Nuvilex Inc (OTCMKTS:NVLX) Slowed Down
This week hasn’t been the best for Nuvilex Inc (OTCMKTS:NVLX). Monday started on a positive note with 17% gains compared to last week’s close, but on Tuesday, the ticker fell by around 13%. While there were some fluctuations, NVLX remained virtually stationary on Wednesday , but yesterday, there was quite a lot of stock changing hands (11 million shares) which, unfortunately resulted in a fifth of the value lost by the end of the day.
Despite the poor performance from the last trading session, it’s fair to say that the ticker has been performing admirably during the last months. The value gained since April 15 amounts to 81% and the figure for the last two months is even more impressive – 130%. This means that even with the downfall from yesterday, the market value of the company hovers around $64 million. But what exactly will you get if you decide that you want to take over NVLX?
Well, as we wrote in some of our previous articles, not a whole lot. At least in terms of financials, things don’t look so bright as you can see from the summary below:
- cash: $33 thousand
- current assets: $1.4 million
- current liabilities: $3.6 million
- quarterly net loss: $376 thousand
- accumulated deficit: $41 million
You might argue that indeed, the situation is a bit tough at the moment, but starting up any company, especially one in the bio-technology sector is always difficult and that soon the real potential will start to shine.
That might just happen but then again, there is nothing to guarantee the success.
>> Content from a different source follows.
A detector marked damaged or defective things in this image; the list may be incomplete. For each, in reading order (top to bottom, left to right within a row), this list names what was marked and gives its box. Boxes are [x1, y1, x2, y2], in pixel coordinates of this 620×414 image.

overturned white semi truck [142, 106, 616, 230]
At the same time, there are some things to suggest that the bright future is not that certain.
The first thing is found in the figures above. The task that they have undertaken at the moment is quite a difficult one and it will require massive amounts of investments. If their current financial situation is similar to the one that we see in the 10-Q, they will need to borrow a lot of money which will increase the liabilities even further. That, in turn, will make their lives a lot more difficult and will eventually push the price South.
The other thing that makes us rather dubious about the success of the new cancer treatment technology is NVLX‘s history. They have tried their hands on developing all sorts of products for the medical and cosmeceutical industries and their success has always been rather limited.
Before they started work on the encapsulated cells that will, supposedly, treat cancer one day, they were marketing a new sort of permanent tattoo ink that was easily removable. Further back in time, they had products to battle the teenagers’ worst nightmare – acne – and we can see a host of other business plans ranging from the development of immune-boosting pills to devising methods that are supposed to keep fruits and vegetables fresh for a longer period of time.
As you have probably guessed, none of these worked out quite the way they wanted and you would agree that treating cancer is, by far, their most ambitious undertaking.
Sure, if they do manage to do it, NVLX will become a huge company, but if they don’t, they will remain just another penny stock that caused quite a lot of people to lose money. Right now, only entities like Goldman Small Cap Research and Stock House Group as well as some overly optimistic users on the message boards are saying that NVLX‘s success is all but certain. Bear in mind, however, that they have been paid to do so, which puts a big question mark over their credibility.
And even if that wasn’t the case, if you really focus for a minute and read through all the things that have been published during the last couple of months on all sorts of websites, you will see that most of them are nothing but optimistic projections, hopes and dreams. This begs the question: “Isn’t the artificial hype just a little too much?”. We’ll let you decide.